MMOZin: Yeah, but it can be hard sometimes, really. Two hours is very little time, and it flies by fasst. Anyone could become addicted.
Dr Cash: Remember that part of the definition of addiction is that all addictions have some things in common. It means, at least at the beginning, you get a high, because you're enjoying it so much. Then the brain makes adjustments, because it's getting too many of the neurochemicals and withdraws the receptors to pick those neurochemicals out --that's called tolerance. If you spend too much online or in video games, your brain is making that adjustment. And then, if you're not spending time online, you're at risk of going into withdrawal, when you're unhappy, discontented and uncomfortable because you're not engaged in that activity.
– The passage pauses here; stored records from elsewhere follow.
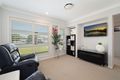 Property photo of 18 Dragonfly Drive Chisholm NSW 2322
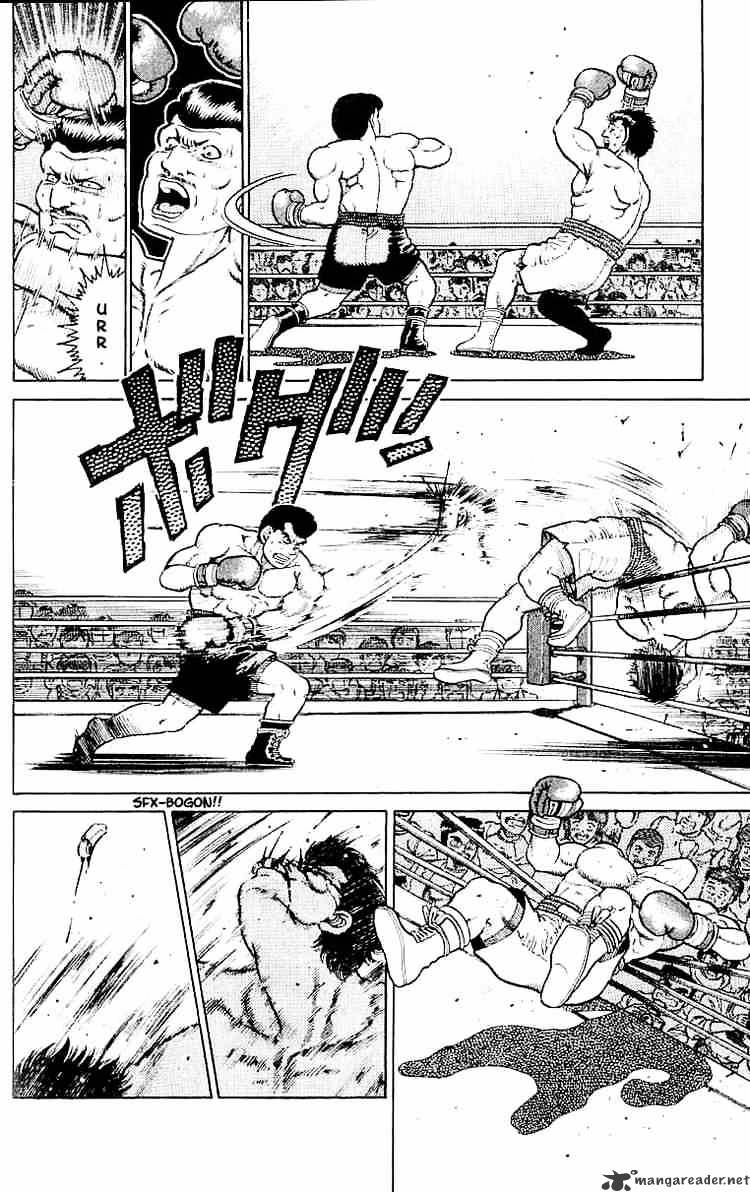 Page 11 of Chapter 15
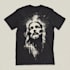 do custom christian tshirt design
Once stuff begins to happen, once you're body develops tolerance, then you need more time or something new in order to achieve the pleasure you're seeking. Then you develop tolerance to that new level. That's how it works. Because you're hooked into that, if you start to feel out of control, that's when you start engaging in being on the internet and playing video games even though there are now, and will continue to be, negative consequences. Those consequences could be alienation from your friends and family, or physical health problems because you aren't getting enough sleep, or problems with work or school and so forth. Those are the elements that need to be there for us to call something an addiction.
MMOZin: What do you think about the psychologist opinion that games are evil and teaching players to be aggressive? Do you think that the games are as bad as psychologists say or do they have any positive aspects to themselves? How do you see that being a therapist in game addiction?
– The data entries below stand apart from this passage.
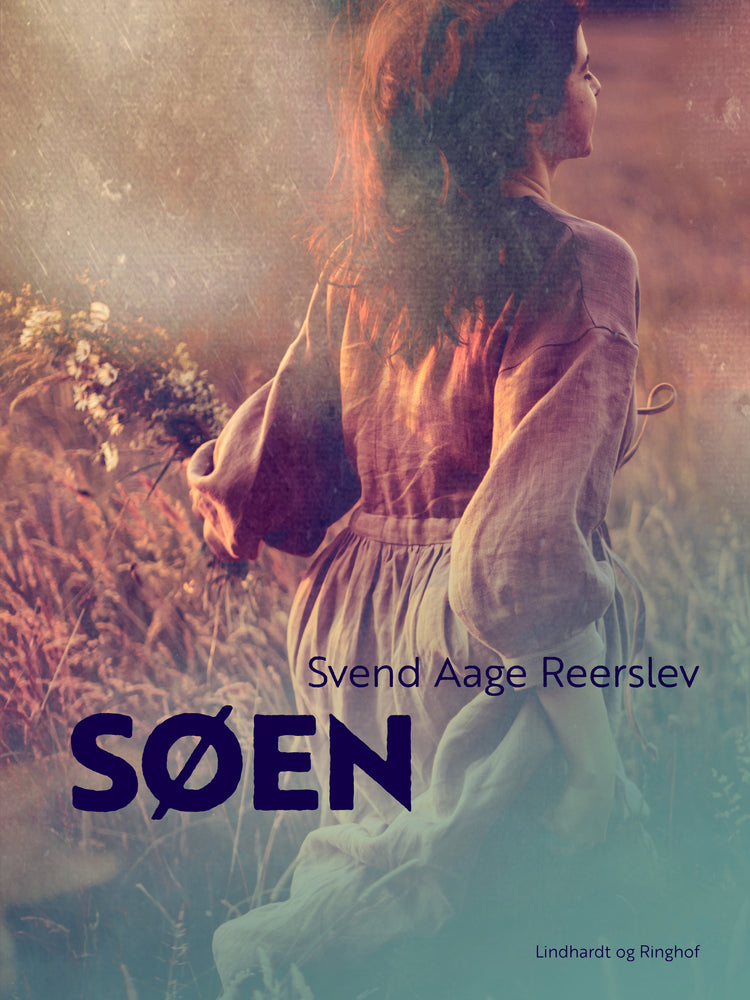 Søen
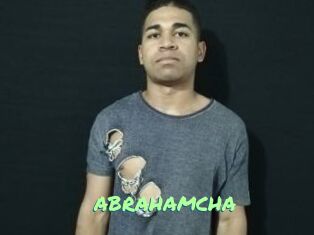 ABRAHAMCHA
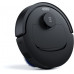 Ecovacs Odkurzająco-mopujący DEEBOT T30e OMNI EU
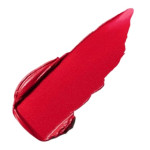MAC Powder Kiss Velvet Blur Ruž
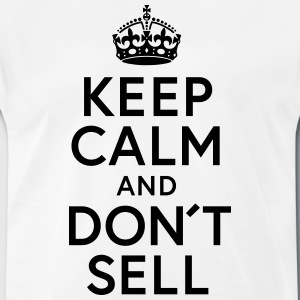 Les marchés boursiers vietnamiens se sont effondrés aujourd'hui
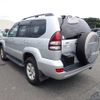 toyota land-cruiser-prado 2003 NIKYO_TG60068 image 2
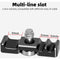 DigitalFoto Solution Limited DF-8115 HDMI Cable Clamp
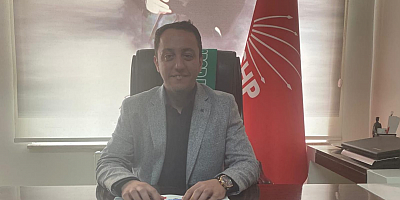 Birtan Özgün Takmaz: “Şehitlerimizin fedakarlıkları, bizlere Cumhuriyetimizin teminatını bırakmıştır”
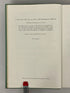 Techniques of Magnetic Recording by Joes Tall 1958 1st Printing HC DJ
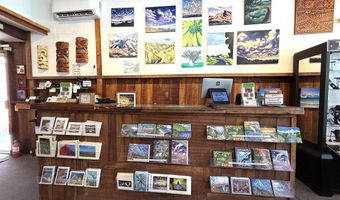48-5416 KUKUIHAELE Rd, Honokaa, HI 96727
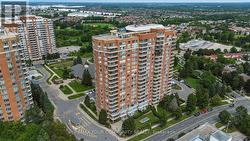 103 - 410 MCLEVIN AVENUE Toronto, ON M1B 5J5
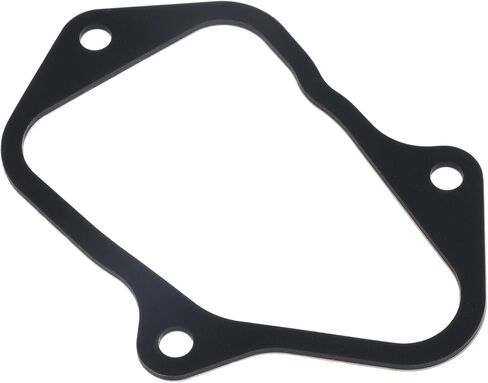 Rocker Cover Gasket for Briggs & Stratton 595342 594088 Replace 84006588 (Pack of 1) in Saudi Arabia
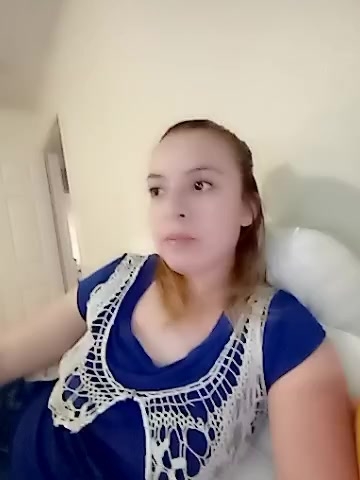 meet-beautiful-women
Dr Cash: I think most games are fine in moderation. The key is moderation. The whole subject of aggression in games is still very controversial. I think it's not good for children to be exposed to a lot of violence, whether it's television violence, movie violence or video game violence. I don't think it's good for the kids. I do think it begins to desensitize them. The parents need to be selective about what video games they allow their children to play. Once you're an adult even playing the violent video games is fine in moderation. The lack of moderation is problematic. I think there are lots of video games which can have very positive benefits in peoples lives, but it must be viewed as moderate entertainment and not viewed as "this is my new world and I'm going to leave the real world behind."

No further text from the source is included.